Paolo Paramucchi

È noto l'uso di ci con valore indeterminato in numerose espressioni idiomatiche in cui, spesso in combinazione con altri pronomi atoni, funziona da semplice «rinforzo semantico e fonico alle forme verbali» (Sabatini). Si pensi a ce lo disse, ce la portò ecc. In alcuni casi, poi, tipici del parlato, l'uso del ci è addirittura obbligatorio. A domande come «ce l'hai l'ombrello?», non si può che rispondere «sì» o «ce l'ho» (o, viceversa, «no», «non ce l'ho»).

Nel parlato informale, in molte parti d'Italia, si usa ci in frasi come «c(i) ho caldo», «c(i) hai sonno?», «c(i) avevamo fame», «c(i) hanno visto?». La norma non prevede che simili costrutti abbiano accoglienza nella lingua scritta, anche perché, come nota sempre Sabatini, sussiste la problematica questione di «rendere con la grafia normale la pronuncia palatale della c isolata, conservando per di più l'h grafica del verbo».

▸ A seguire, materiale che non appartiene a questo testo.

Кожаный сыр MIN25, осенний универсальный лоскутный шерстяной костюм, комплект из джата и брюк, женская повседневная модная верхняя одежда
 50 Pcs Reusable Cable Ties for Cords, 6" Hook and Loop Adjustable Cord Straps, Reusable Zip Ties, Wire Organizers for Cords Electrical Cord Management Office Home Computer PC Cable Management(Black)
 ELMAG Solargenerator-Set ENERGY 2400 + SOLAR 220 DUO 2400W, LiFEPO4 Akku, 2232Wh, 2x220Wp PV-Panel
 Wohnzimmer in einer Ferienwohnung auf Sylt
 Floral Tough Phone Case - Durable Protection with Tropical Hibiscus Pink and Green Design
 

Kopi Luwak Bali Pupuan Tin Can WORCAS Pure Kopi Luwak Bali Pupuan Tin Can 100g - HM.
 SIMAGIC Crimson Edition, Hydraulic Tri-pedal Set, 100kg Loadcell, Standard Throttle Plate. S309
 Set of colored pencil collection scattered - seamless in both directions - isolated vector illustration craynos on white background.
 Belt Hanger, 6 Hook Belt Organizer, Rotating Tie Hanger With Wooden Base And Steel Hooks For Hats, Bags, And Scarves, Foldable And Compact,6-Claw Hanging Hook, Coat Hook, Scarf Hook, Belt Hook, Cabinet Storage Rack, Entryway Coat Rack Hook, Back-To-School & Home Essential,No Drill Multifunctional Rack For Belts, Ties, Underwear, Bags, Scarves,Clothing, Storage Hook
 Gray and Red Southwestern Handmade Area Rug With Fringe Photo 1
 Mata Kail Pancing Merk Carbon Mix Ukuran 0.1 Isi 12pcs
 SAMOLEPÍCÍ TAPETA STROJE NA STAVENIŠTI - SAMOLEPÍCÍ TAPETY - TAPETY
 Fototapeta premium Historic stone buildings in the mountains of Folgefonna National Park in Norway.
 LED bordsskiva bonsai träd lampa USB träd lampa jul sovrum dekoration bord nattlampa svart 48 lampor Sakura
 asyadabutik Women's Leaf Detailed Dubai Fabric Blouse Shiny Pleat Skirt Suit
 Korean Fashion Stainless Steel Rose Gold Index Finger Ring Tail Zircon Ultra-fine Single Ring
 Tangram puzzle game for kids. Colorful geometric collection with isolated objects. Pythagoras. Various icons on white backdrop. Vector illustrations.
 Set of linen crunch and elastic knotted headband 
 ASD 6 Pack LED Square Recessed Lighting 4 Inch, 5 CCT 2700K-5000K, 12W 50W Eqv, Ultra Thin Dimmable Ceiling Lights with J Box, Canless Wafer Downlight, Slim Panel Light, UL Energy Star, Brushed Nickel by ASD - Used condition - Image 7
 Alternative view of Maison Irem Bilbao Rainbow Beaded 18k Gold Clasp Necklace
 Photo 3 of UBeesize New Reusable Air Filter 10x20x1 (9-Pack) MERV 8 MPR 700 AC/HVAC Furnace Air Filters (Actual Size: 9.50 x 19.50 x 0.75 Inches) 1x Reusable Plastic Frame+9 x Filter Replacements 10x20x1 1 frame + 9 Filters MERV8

Va peraltro notato come la narrativa contemporanea, i fumetti (si pensi ad Andrea Pazienza) e le scritture giornalistiche più disinvolte e brillanti negli ultimi venti-trent'anni abbiano dato testimonianza, nella ricerca di una più verosimile imitazione o espressionistica resa dei tratti del parlato, di numerosi tentativi di ricalcare la pronuncia della catena fonica costituita da ci + parola cominciante con vocale (anche diversa da e e i e ben oltre il caso particolare delle forme verbali di avere con l'h iniziale): c'ho, c'hai, c'ha ma anche c'ho, c'avevamo e perfino ciò, ciai, cià, ciavevamo e simili sono forme rinvenibili in numerosi romanzi, racconti, fumetti, articoli di giornale. Ciò (che non è ci + ho...) non vuol dire che tali usi siano ammissibili o tanto meno consigliabili nella prosa sorvegliata e negli usi standard dello scritto.